Пустота — это средоточие буддизма. Подобно «отсутствию самости», пустотность всего сущего означает, что в мире нет ничего устойчивого и реального, нет ни одного явления, которое обладало бы независимым существованием. Однако пустота не есть отрицание. Пустота — это творческий источник всего иллюзорного существования. Это нулевое (шунья) измерение, из которого возникает и в котором растворяется всё сущее. Без пустоты не существовало бы ничего. Но при этом без иллюзорного существования не было бы и пустоты. Понятие «пустоты самой по себе» не имеет смысла: это было бы чистое не-существование. Рассуждая о пустоте на сугубо теоретическом уровне, мы быстро придём к абсурдным выводам. Постижение пустоты — это внутренний опыт, из которого на смену нашим привычным устоявшимся представлениям о сущем рождается понимание истинной сути вещей. Но это не значит, что обыденный здравый смысл становится ни на что не годен! Восприятие мира у пробужденного человека лишь очищается от всех искажений и неясностей, порождённых ложными представлениями, оставаясь при этом вполне «человеческим». В пустоте непрерывно возникают всё новые и новые явления, сущность которых — пустота. Это положение о неразрывной связи между пустотой и явлениями сущего позволяет избежать обеих крайностей — как нигилизма (доктрины не-существования[47] ), так и этернализма (учения об абсолютности существования).[48]

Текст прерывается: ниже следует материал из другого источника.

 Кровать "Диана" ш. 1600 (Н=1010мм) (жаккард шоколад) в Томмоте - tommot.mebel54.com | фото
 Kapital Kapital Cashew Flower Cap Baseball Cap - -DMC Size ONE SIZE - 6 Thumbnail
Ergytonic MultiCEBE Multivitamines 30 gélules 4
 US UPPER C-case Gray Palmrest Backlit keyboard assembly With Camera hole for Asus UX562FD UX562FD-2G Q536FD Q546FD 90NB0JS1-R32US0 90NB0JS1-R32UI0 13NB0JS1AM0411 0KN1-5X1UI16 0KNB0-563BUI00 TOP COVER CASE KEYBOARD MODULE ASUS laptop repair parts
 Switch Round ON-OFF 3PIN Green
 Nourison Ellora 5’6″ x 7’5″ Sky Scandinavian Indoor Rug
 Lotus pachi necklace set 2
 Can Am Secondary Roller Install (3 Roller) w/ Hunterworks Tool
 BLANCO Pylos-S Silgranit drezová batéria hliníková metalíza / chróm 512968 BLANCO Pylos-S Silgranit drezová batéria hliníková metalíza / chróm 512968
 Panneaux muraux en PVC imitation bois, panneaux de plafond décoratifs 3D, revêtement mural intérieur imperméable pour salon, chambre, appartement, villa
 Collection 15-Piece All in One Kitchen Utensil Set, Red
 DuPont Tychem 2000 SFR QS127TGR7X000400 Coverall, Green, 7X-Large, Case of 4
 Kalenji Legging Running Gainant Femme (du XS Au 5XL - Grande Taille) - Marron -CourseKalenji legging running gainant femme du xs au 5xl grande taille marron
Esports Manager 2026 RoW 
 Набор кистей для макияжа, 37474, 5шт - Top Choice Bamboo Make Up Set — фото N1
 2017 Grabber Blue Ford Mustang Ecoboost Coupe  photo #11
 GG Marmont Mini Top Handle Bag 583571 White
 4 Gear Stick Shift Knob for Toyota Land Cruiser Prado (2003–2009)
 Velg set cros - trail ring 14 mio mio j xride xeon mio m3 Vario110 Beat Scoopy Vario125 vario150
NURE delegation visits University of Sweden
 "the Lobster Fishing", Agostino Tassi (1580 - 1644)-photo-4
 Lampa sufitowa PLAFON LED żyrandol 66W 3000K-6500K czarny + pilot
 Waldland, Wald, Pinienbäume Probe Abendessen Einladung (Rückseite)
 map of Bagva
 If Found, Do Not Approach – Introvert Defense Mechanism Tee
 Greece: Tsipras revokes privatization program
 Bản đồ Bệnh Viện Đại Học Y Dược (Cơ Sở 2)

С точки зрения «эго», пустота действительно представляется полным уничтожением, поскольку восприятие пустотности всего сущего есть не что иное, как опыт «отсутствия «эго»». Чтобы войти в это состояние, необходимо совершить прыжок в неизвестность, грозящий нам утратой чувства собственного существования. Полное «отпускание» подобно смерти, и этому-то и посвящён весь трактат «Освобождение посредством слушания». Пустота — это состояние полной открытости, всеохватности и свободы. В ней снимаются все ограничения и проблемы индивидуального существования; границы между внутренним и внешним растворяются, и всё сущее внезапно открывается перед нами в своей природной чистоте и совершенстве, свободным от разделения на субъект и объект. Эта сияющая ясность, в которой все феномены предстают как они есть, являя при этом свою сущностную пустоту, называется сиянием. Как мы увидим в дальнейшем, сияние — это ключевое понятие всей «Тибетской книги мёртвых».